Larsson’s victims are vindicated by Lisbeth Salander (a victim herself).  She is a crusador for women who have been or were victimized- not that she would ever openly say she is a crusador.  Not even close.  She would snarl and stomp off angrily that someone has tried to label her.  The characters in this novel are so well developed.  Even the minor characters possess a richness that allows the reader to understand them, their views and the reasons behind their decision-making – repulsive, or not.  At times, I felt character descriptions were a bit tedious – there were characters I did not care for, nor did I feel the need to understand their past in order to place them into the plot.  But, I grew to appreciate Larsson’s attention to detail.

Regardless of the layered detail, Lisbeth Salander remains an enigma.  There is much description about her, her lifestyle, her abilities and intelligence.  Yet, she remains inaccesible.  There is still that part of her that is difficult to understand, to connect with – but, I believe that is part of her allure.

I have to admit, the novel did drag on for a bit at the end.  It had what felt like three different resolutions…I kept asking myself when is this going to end? (oh yeah, I forgot that happened in the movie too).

It did end.  And, it ended well.  So much so that I’ve already started The Girl Who Played With Fire (finally!) and I had to pry it out of my fingers so I could write this review.

Ultimately, I’m happy to have completed the novel and not jumped straight into the second book in the trilogy.  It has prepared me for Larsson’s writing style – which I am now thoroughly enjoying.  It was an entertaining read – swift (mostly) and eye-opening.  I would definitely recommend it.

The Problem with Watching the Movie First

The Girl with the Dragon Tattoo by Stieg Larsson has yet to really hook me.  I am ten chapters in and I keep waiting for something to happen.  I like the straightforward, simple writing (keeping in mind that this is a translation).  I haven’t read any Nordic writers – with the exception of Henrik Ibsen, whose plays also demonstrate a simple, direct writing style that exposes social ironies.  I wouldn’t call Larson’s use of voice ironic; he is straightfoward – a journalist just like Mikael Blomkvist.  The story reads in a journalistic fashion.  A bunch of really interesting facts about the Vangers, about Salander, about Swedish bureaucracy that I read and read and read to get to the end so I can start reading book two of the series The Girl Who Played with Fire which is the story I am actually interested in.

I am diligently reading because I enjoyed the movie so much that I am itching to know what happens next in Lisbeth Salander’s life.  But, since I am a true book nerd, I am compelled to read the books, in order, instead of waiting for the next movie.

I convince myself that it’s really neat to come across moments in the novel that didn’t make it to the screen and ponder directorial choices.  I tell myself that it’s great to know more about the characters and see them become three-dimensional in the novel.  It doesn’t work.  I’ve got the movie moving through my head as I read – I can’t make up my own Sweden because my imagination is saturated with Fincher’s vision of the novel.  Oh well, fortunately, I don’t mind Fincher’s vision – certain shots showed off winter’s beauty and actually made it look appealing.  This is from someone who unabashedly hibernates through the cold Canadian winter – winter activities?

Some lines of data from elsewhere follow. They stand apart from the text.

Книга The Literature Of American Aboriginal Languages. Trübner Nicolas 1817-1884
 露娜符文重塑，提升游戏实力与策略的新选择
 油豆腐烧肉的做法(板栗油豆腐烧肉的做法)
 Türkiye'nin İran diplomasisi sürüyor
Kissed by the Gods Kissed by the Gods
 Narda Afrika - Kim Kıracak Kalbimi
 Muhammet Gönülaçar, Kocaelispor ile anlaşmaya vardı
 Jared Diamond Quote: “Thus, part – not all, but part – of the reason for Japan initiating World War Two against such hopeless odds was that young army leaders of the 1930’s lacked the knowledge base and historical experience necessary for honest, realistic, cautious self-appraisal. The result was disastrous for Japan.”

Only if sitting by the fireplace with a glass of wine counts!

So, my main problem isn’t the book at all.  It’s that I watched the movie first.  It is an age-old argument: do you read the book first, or watch the movie.  I’ve done both, and in either order, the book always ends up being better.  However, in the past when I watched the movie first (say, Harry Potter), reading the book was enriched by the film.

In this case, I can’t seem to get through all the set up in the earlier chapters to get to the good stuff later on.  I’m hesitant to say, that maybe, for the first time ever, I enjoyed the movie more than the book.  I can’t be completely certain of this until I finish it – but, right now, it seems to be the case.

I hope I change my mind by the end of the novel.